Effect of preparation variables on adsorption capacity

The adsorption capacity of the banana trunk-activated carbon was significantly affected by the preparation parameters of the activated carbon. On applying the adsorption capacity data on the central composite design model, a quadratic model was suggested to explain the effect of operating parameters such as time of activation, temperature of activation, and activating agent concentration. The change in preparation variables and the corresponding adsorption capacity of the banana trunk-activated carbon was correlated through the second-order model. The layout of the design is shown in Table 2, along with the adsorption capacity experimental data. The run numbers of 1, 3, 5, 8, 12, and 15 were used to determine the experimental deviation. Based on the highest order polynomial, the sum of model squares was determined. Regression analysis was run to fit the response function adsorption capacity (mg/g). The empirical model regarding actual variables after excluding the insignificant variables for methylene blue adsorption capacity is given in below equation.
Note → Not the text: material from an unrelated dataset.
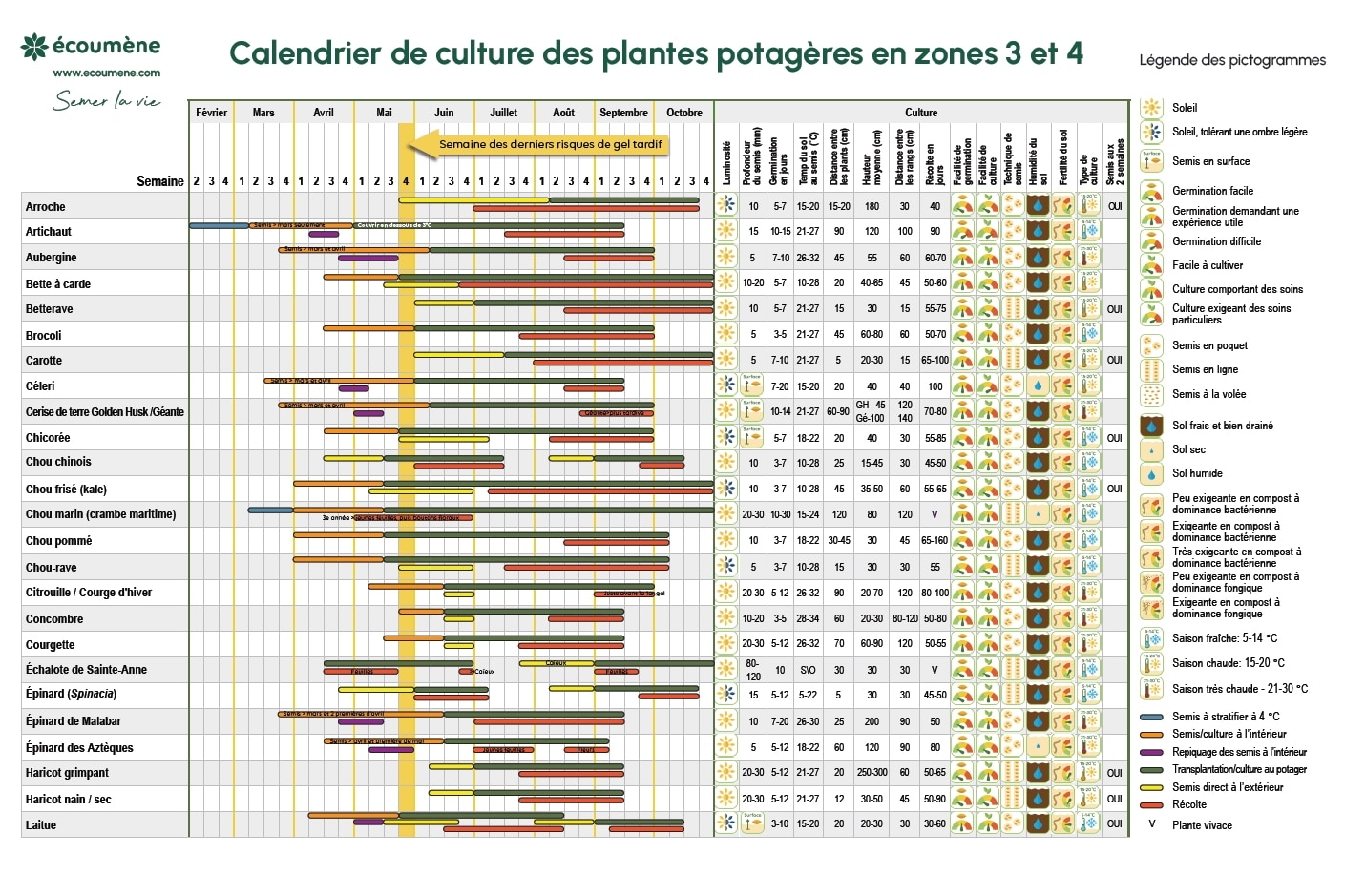 calendrier plantation fleurs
$$\begin{aligned} q\,({\text{methylene}}\,{\text{blue,}}\,{\text{mg/g}}) = \, & 59.51 - 0.17x_{1} + 0.088x_{2} - 6.93x_{3} - 0.13x_{1}^{2} + 0.013x_{2}^{2} - 4.95x_{3}^{2} \\ & - 11.77x_{1} x_{2} - 4.84x_{1} x_{3} - 5.23x_{2} x_{3} , \\ \end{aligned}$$

(3)

where x₁, x₂, and x₃ are the time of activation, the temperature of activation, and activating agent concentration, respectively.
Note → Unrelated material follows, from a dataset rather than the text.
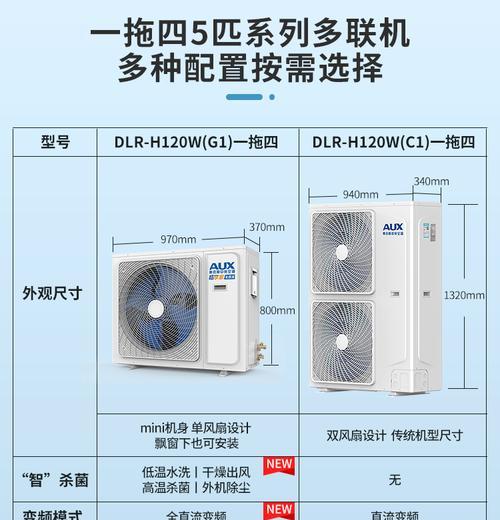 解析奥克斯中央空调E6故障及解决方法（探究奥克斯中央空调E6故障原因）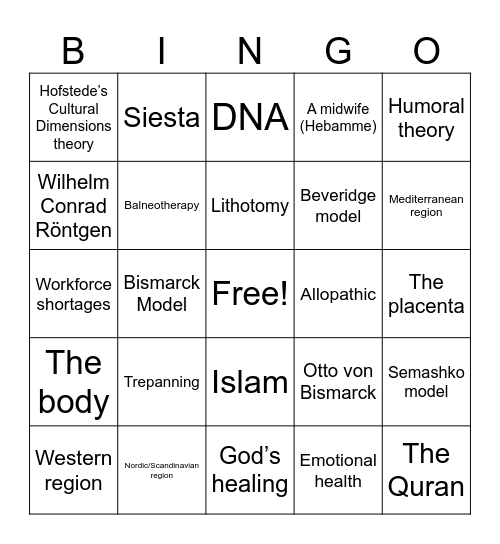 Allied Health European Bingo Card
Table 2 Experimental design matrix for preparation of activated carbon

The effect of a variable on the formation of activated carbon from the banana trunk with considerably good adsorption capacity has been visualized through the above equations. For variables in coded terms (1.414, 0, 0) and (− 1, 1, 1), the adsorption capacity was around 39 mg/g; whereas, for variables (0, 0, − 1.414) and (1, 1, − 1), the adsorption capacity was around 59 mg/g (Table 2). These results showed that the optimized value of the variables viz. activating agent concentration, activation temperature, and activation time for maximum adsorption capacity of activated carbon falls within these experiments.

Analysis of variance (ANOVA)

To further justify how adequate the models are, analysis of variance (ANOVA) was applied. Table 3 shows the ANOVA values for the model and the process factors. The models F value of 500.85 implies that the model is statistically significant (Prob. > F value 0.0001), there is only a chance of 0.01% for this large F value to occur due to noise. The variables X₁, X₂, X₃, \(X_{2}^{2} ,\,X_{3}^{2}\), X₁X₂, X₁X₃ and X₂X₃ were found to be significant in the designed statistical model (as given in Eq. 3). The “Prob. > F” for variables greater than 0.100, implied that model variables are not significant and these variables can be removed from the model to improve the mathematical model.
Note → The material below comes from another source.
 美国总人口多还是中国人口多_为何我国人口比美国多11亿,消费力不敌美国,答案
Table 3 Analysis of variance for selected factorial model for adsorption capacity

The “lack of fit” F value for the percentage adsorption capacity was calculated to be 0.31; this implies that the “lack of fit” was non-significant statistically relative to the pure error. The lack of fit data was non-significant (Prob. > F value 0.6056); the model and ‘lack of fits’ having “Prob. > F” values < 0.05 are considered to be as potentially significant. The non-significant “lack of fit” is desired to be statistically valid model. Hence, the proposed model is valid. The “Adeq Precision” measures the signal to noise ratio. A ratio greater than four is desirable. For the designed model, it was calculated 63.45 for adsorption capacity. This showed that the current model had an adequate signal and can be used to navigate the design space above and below the selected range of operating factors. Moreover, the “Pre R²” was in reasonable agreement with the “Adj R²” value. The values of R² and adj R² for adsorption capacity were found to be 0.9989 and 0.9969, respectively. These values verified the linearity between the model’s calculated results and experimental data for adsorption capacity. For percentage adsorption capacity, the model F value was 500.85, which implies that the model is significant.

Response surface plots

Three-dimensional (3D) response surface plots were used to explain the behavior of system variables within the design of the experiment. It can facilitate an inspection of experimental factors in selected responses like adsorption capacity (Hasan and Srivastava 2011; Danish et al. 2014b). Therefore, 3D response surface curves were plotted for a statistically significant model to explore the interaction of variables on the adsorption capacity of the produced activated carbon. The 3D plots help in interpreting the interaction of two operating factors simultaneously. The graphical representation of the mathematical models as in Eq. (3) facilitates an examination of the effects of the operating factors on the adsorption capacity. The quadratic plots of adsorption capacity shown in Fig. 2a–c. It can be clearly seen from the response surface 3D plot that adsorption capacity was significantly affected by the selected variables. The preparation of activated carbons from the raw banana trunk was mainly guided by the three process variables such as time of activation, activation temperature, and H₃PO₄ concentration. These independent variables have their own effects on the physical, textural characteristics, and adsorption capacity of the prepared activated carbons. The following sections explain the combined effects of variables on the adsorption capacity of the activated carbons.

Fig. 2

3D plots of a interaction of time and temperature, b interaction of time and H₃PO₄ concentration, c interaction of temperature and H₃PO₄ concentration, d actual vs model predicted adsorption capacity plot

Effect of activation time and temperature

The interaction of activation time and temperature at fixed activating agent dose for adsorption capacity has a curvature in response surface plot as shown in Fig. 2a. The methylene blue adsorption capacity achieves a maximum value of 71.4 mg/g when the activated carbon is prepared either at minimum activation time and maximum activation temperature or at maximum activation time and minimum activation temperature conditions. Whereas, at minimum activation time and minimum activation temperature or maximum activation time and maximum activation temperature, the adsorption capacity was found lower. The activated carbon adsorption capacity against methylene blue achieved maximum value when the temperature of the activation was the highest (at 850 °C) and the time taken to prepare that activated carbon was only 50 min which was the lowest value of activation time. The other condition for preparing the higher adsorption capacity activated carbon was activation time 120 min and activation temperature 450 °C at a constant H₃PO₄ concentration (4.25 mol/L). These results can be interpreted as, at a low temperature of activation, the banana trunk biomass needs longer time to generate pores in the activated carbons suitable for the adsorption of methylene blue, and at a higher temperature of activation pores generated in the activated carbons in a shorter time.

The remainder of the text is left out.